Eu tenho muitas dificuldades e, por hábito, não gosto de comentar pessoas no exercício das suas funções. A política social não é de um ministro, mas de um Governo no seu todo. No meu tempo era assim e tive a sorte de ter um Primeiro-Ministro que tinha muita sensibilidade para os problemas sociais, embora na altura, não fosse julgado assim em termos de opinião pública. Hoje vê-se, no mandato que está a ter como Presidente da República, que é um homem sempre com grandes preocupações sociais. A política social tem que andar a par das outras políticas e o que acontece muitas vezes é que a política social vem a reboque, uma espécie de carro-vassoura que vem no fim do pelotão recolher aqueles que vão tendo problemas. A política social tem que andar a par das políticas económicas, culturais e até da política europeia. Desconheço o funcionamento interno deste Governo, mas o que eu gostaria é que fosse assim. Eu vejo a relação, por exemplo, com as instituições de solidariedade social e não me parece que seja muito saudável. Sinto que há um peso excessivo da máquina administrativa e as instituições particulares estão manietadas. O problema dos ATL’s não foi bem tratado. A solução final foi uma solução que não entusiasmou ninguém. Foi uma invasão clara do Estado junto das instituições. Há que se tratar com muito cuidado destes problemas.

Continua a considerar-se como um homem do Norte? Continua a defender o Norte apesar de ser eurodeputado?

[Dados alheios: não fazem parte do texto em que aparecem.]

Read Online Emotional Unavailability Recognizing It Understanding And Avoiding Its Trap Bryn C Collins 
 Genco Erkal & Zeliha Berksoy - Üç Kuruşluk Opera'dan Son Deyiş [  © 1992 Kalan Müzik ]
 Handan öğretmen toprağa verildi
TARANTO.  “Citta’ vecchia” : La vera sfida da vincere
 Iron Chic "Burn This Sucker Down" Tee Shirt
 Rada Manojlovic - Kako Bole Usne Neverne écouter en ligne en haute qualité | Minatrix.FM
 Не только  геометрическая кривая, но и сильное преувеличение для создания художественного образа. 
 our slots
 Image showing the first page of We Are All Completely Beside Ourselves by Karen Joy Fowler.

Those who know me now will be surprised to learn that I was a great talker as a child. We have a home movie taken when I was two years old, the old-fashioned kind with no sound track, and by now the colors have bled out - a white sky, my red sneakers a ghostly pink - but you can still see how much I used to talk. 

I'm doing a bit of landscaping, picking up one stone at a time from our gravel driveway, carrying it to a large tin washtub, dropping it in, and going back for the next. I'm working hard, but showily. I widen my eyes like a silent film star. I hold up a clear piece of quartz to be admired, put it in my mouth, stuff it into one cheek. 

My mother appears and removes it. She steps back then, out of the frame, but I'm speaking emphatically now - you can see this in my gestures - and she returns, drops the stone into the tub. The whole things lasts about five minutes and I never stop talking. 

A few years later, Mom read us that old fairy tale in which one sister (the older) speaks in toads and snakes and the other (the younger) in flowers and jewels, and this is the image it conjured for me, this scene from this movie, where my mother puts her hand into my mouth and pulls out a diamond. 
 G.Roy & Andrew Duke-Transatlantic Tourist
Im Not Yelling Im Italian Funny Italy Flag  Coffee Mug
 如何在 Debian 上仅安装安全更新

Mais do que nunca. O Norte precisa de ser posto na agenda por uma razão óbvia: passou de uma das regiões mais industrializadas da Europa para uma das regiões mais pobres. Hoje só encontrámos comparação nos países de Leste. O Norte perdeu muito, sobretudo com a globalização. Lisboa não sofreu nada porque o mercado em Lisboa é protegido. Lisboa o que é que produz? Nada. Lisboa é a administração pública, os seguros, a banca… Os clientes estão lá, não é preciso andar à procura deles e até crescem todos os dias. No Norte não. Os clientes estão lá fora. A exportação era a base económica, precisava de ter preços competitivos, ir ao exterior convencê-los. Quando esses clientes se perderam, e a globalização fez perder muitos clientes, o Norte ficou desamparado e sem possibilidade de reagir. Eu creio que não é regionalismo barato quando refiro esta frase: quando o Norte está bem, o país está melhor. É preciso que Lisboa entenda, e tem muitas dificuldades em entender isto pelas medidas que vai tomando, que o Norte hoje precisa de um programa específico que ataque os problemas estruturais de desenvolvimento. Assiste-se ao contrário: abrem-se excepções para que Lisboa, que não tinha acesso a fundos comunitários, possa vir a ter em prejuízo, naturalmente, do Norte.